Someone call Don King, because the gloves are coming off in the wireless price fight.
AT&T has cut the price of its 2GB Mobile Share Value plan by $15 to $65 a month, the carrier announced this weekend. That price is for customers with one phone line using the 4G LTE network and includes 2GB of data, plus unlimited talk and text in the U.S.
The deal also includes unlimited international messaging from the U.S. to select countries with no annual service contract, AT&T said.
"Mobile Share Value plan customers can bring their own device or purchase a phone at full retail price," AT&T said.
AT&T's latest one-two punch was timed just two days after one of its rivals, T-Mobile, increased its prices for unlimited 4G LTE access by $10 to $80.
T-Mobile's price increase was folded into an announcement it made Friday about new wireless options.
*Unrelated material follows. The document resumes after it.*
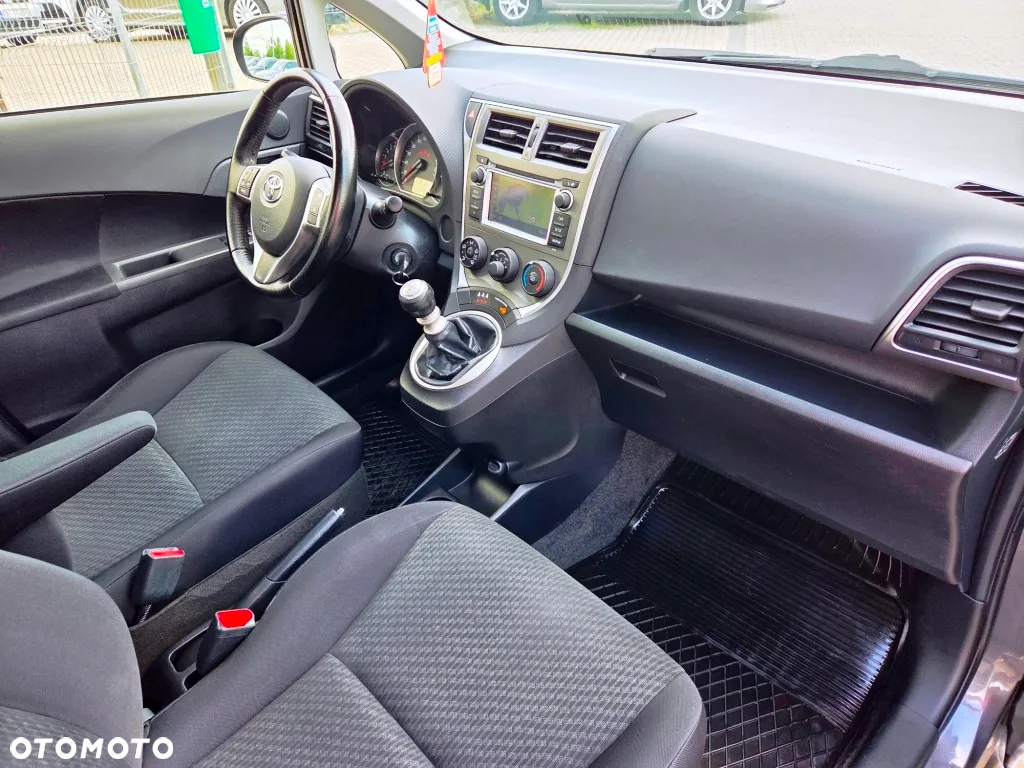 Toyota Verso S 1.33 Premium - 30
T-Mobile also offers free talk and text within the U.S. and to select countries, with no annual contract.
And T-Mobile's deal also offers unlimited data use -- a point the company trumpeted in a press release Friday.
Data caps are "just this side of extortion," said John Legere, president and CEO of T-Mobile. "It's like getting your data from the neighborhood loan shark and paying 100% interest when the bill comes due. It's the classic shakedown," he said.
For its part, AT&T pointed to its cost savings. "We're delivering more savings for customers across the board," said AT&T Mobility chief marketing officer David Christopher, who touted the company's service as "the nation's most reliable 4G LTE network."
The fight to win over customers has been intensifying over the past year with AT&T, the No. 2 wireless carrier behind Verizon Wireless, under direct assault from T-Mobile, the No. 3 carrier.
In January, AT&T and T-Mobile introduced dueling offers aimed at poaching each other's customers.
T-Mobile's CEO, a former AT&T exec, even crashed AT&T's party at the big CES electronics conference earlier this year. He got kicked out by security.
In February, AT&T announced price cuts for family plans and, in an apparent effort to keep customers from jumping to other carriers, offered discounts to current customers who renew, plus a one-time $100 credit toward their bill for each new line registered with AT&T.
T-Mobile added 4.4 million customers in 2013 -- its biggest growth in eight years, bringing its total customer base to nearly 47 million people.